While these power modes seem promising for a low-power network IOT device, building a reachable device, i.e., a device that can send a message packet externally over the network, is still challenging. We will go into the details of the challenges that are encountered with TCP, SMS, and UDP-based communication protocols.
Communication Protocol Considerations
There are a variety of IOT communication protocols available for different kinds of IOT applications, but for the purpose of this article, we will categorize them into two kinds.
- Connection-based: TCP-based MQTT, Websockets, HTTP
- Connection-less: UDP-based MQTT-SN, CoAP, LWM2M and SMS.
Connection Based Protocols
These communication protocols require an active connection over the network for the data to transfer. The connection is established over a three-way handshake, and it looks something like this:
[Fig 3: Three-way handshake illustration]
Notice that before any actual payload data can be transferred (shown in green), there are three network payloads that need to be sent back and forth. This overhead may seem little for a system where data consumption or battery life isn’t an issue, but in our case, this would cost a lot of precious battery resources, sometimes consuming more data than the actual payload just to initiate a connection.

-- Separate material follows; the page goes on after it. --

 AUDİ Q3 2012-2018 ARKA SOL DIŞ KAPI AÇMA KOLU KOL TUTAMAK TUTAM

Secondly, notice in the figure that the client is the one initiating the connection; this is intentional and a big limitation of connection-based (TCP, MQTT, etc.) protocols in the application of a network reachable device, which requires that the device responds to the server’s request.

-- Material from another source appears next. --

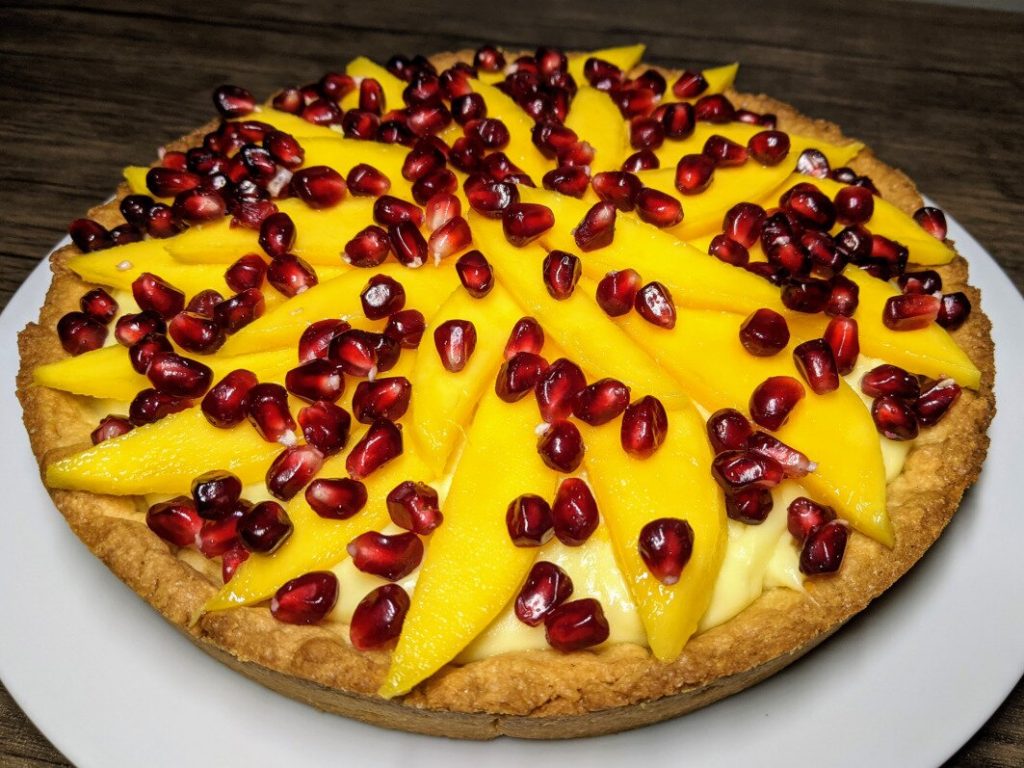 Tarta z kremem i mango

One could have the client initiate a first connection and keep the connection open, but to keep the connection alive, keep-alive packets need to be sent every pre-defined interval, which again costs a tremendous amount of battery, making these kinds of protocols unusable and impractical for a low power network reachable device.
[Fig 4: TCP Based communication protocol power profile]

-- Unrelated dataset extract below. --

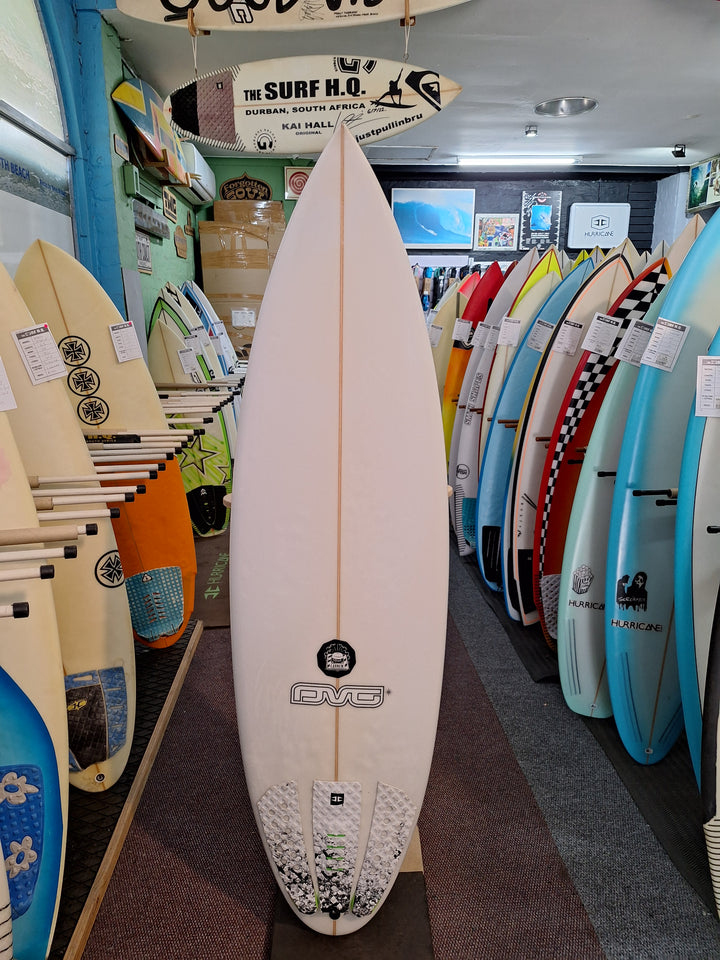 DVG PU LAUNCH 5'11 X 19 7/8" X 2 9/16" = 31.4L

Connection-less protocols require no active connection with the server for the data transfer to occur. These offer a much more promising outlook for the network-reachable IOT device application. Some examples of such protocols are MQTT-SN, CoAP, and LWM2M, which are implemented on top of UDP.
These protocols are lightweight and optimized for power and resource consumption, working in favor of the resource-restricted platform they’re intended to be used on. There is, however, a logistical challenge with these networks with regard to the device being network reachable.
Despite the protocols themselves being connection-less, the underlying network still requires occasional data transfer to maintain active NAT translations. NAT (Network Address Translation) devices, commonly used in home and enterprise networks, have timeouts for translation entries in their tables. If a device using connection-less protocols remains dormant for an extended period, exceeding the NAT timeout, the corresponding translation entry is purged, hence making the original client unreachable by the network. To address this, periodic keep-alive messages or other mechanisms have to be implemented to maintain NAT translations and ensure continuous network reachability for IoT devices using connection-less protocols but that is very expensive on the battery and not ideal for an IOT device where battery is a scarce resource.
As we have explored in this article, building a network-reachable device is a challenge on all layers, from device constraints to infrastructure limitations. UDP-based communication protocols offer a promising future for low-power network reachable devices because, fundamentally, the logistical challenge of the NAT timeouts, as mentioned above, can be eliminated using a private network and bypassing the NAT altogether. As enough interest grows in the need for network-reachable devices, we should see specific commercial network infrastructures that offer out-of-the-box solutions for these challenges.